# anyone bypass the factory alarm?



## Jasper (Apr 2, 2004)

i just ordered my new Viper 791XV (GREAT price on ebay from reputable seller) 
i've been debating on a new alarm for a while now ($3,000 in audio stuff in the car makes me want to protect it ) 

i got some quote to get the alarm professionally installed, most came in upwards of $400 (which is bullsh*t) 

one shop said "yea the alarm install's only like $250, but it'll cost you $150 to bypass the factory alarm and remote start" 

before anyone says a word "oh dont be cheap pay to get it done right blah blah blah"....keep in mind i have a very broad background in car electronics, and have installed a few alarms in different cars already (just never had to bypass a factory alarm) 

has anyone bypassed their own alarm/remote start? i need to know if anything specific has to be done...a la anything with LoJack (dont know if the car has LoJack, was told it did, but never got the lojack card from the dealership)


----------



## BlackoutSpecV (May 8, 2002)

What kind of car?

The qr25 equipped cars have a chipped ignition, I do not think that there is a way to bypass that.


----------



## Jasper (Apr 2, 2004)

BlackoutSpecV said:


> What kind of car?
> 
> The qr25 equipped cars have a chipped ignition, I do not think that there is a way to bypass that.

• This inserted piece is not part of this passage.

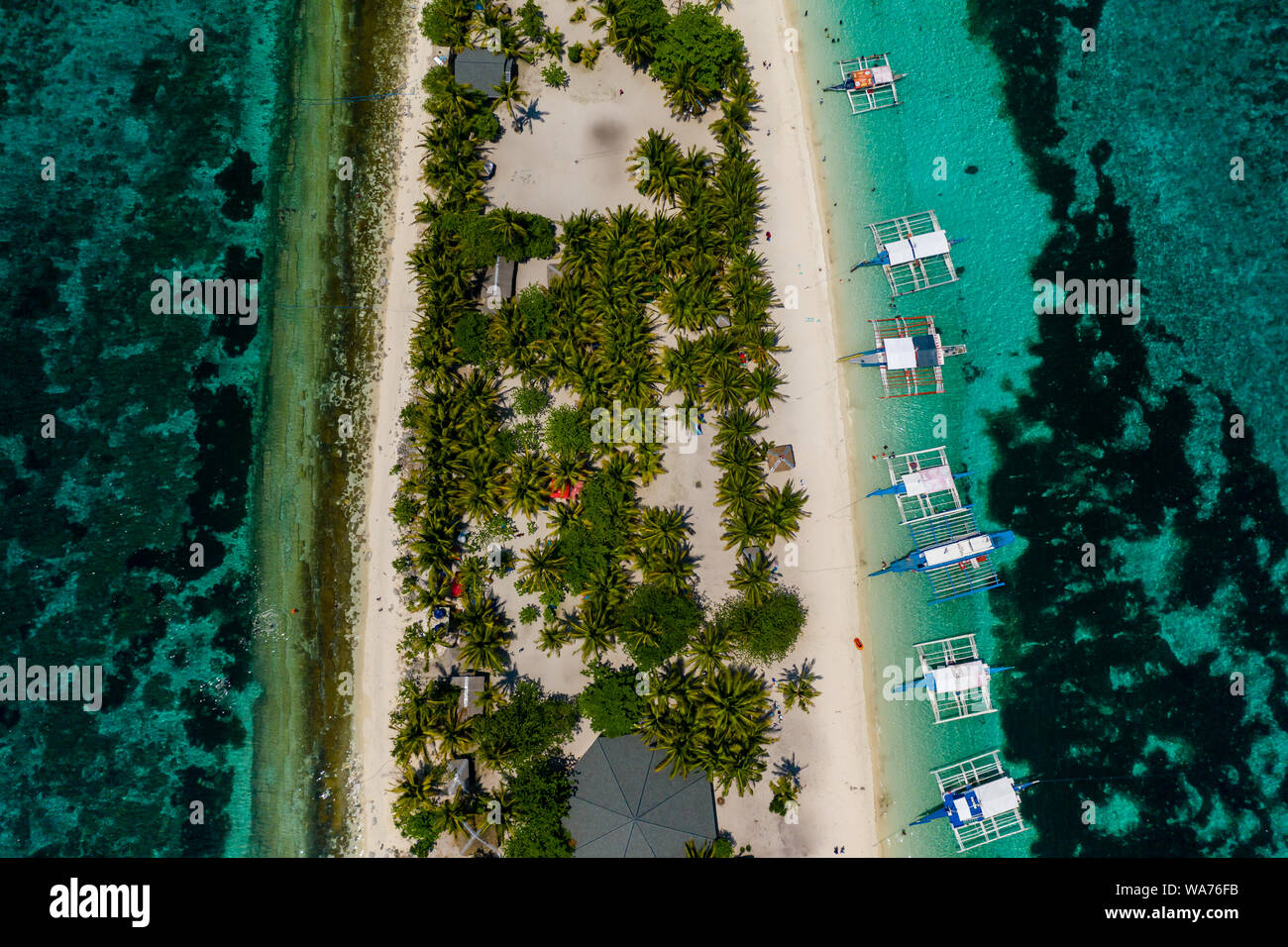 Antena drone vista de banca tradicional barcos amarrados junto a una pequeña isla tropical, rodeada por arrecifes de coral (Isla Kalanggaman) Foto de stock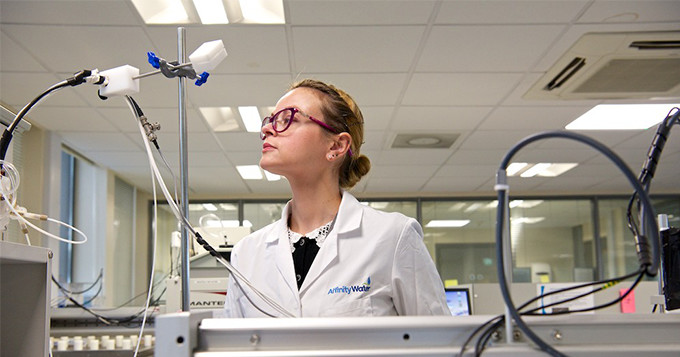 Scientist Karolina RSci checking a machine in the lab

yea, there is a way to bypass that (most people use a key'n'coffin approach

its a QG18 powered car,

no chipped key, no power locks, no power windows




what i REALLY need now is a wiring schematic *HINTchimmikeHINT*...i know you must have one


----------



## CorNut (Apr 6, 2003)

I have a SpecV and I don't see yours being too different, I bought my 791XV for $210 shipped off of ebay and the install cost me $150 from a local guy that works at a shop(on his own time)... by the way if I choose to, the stock alarm still works too... so no it doesn't need bypassed, and if you don't have a chipped key there is nothing else you should need...


----------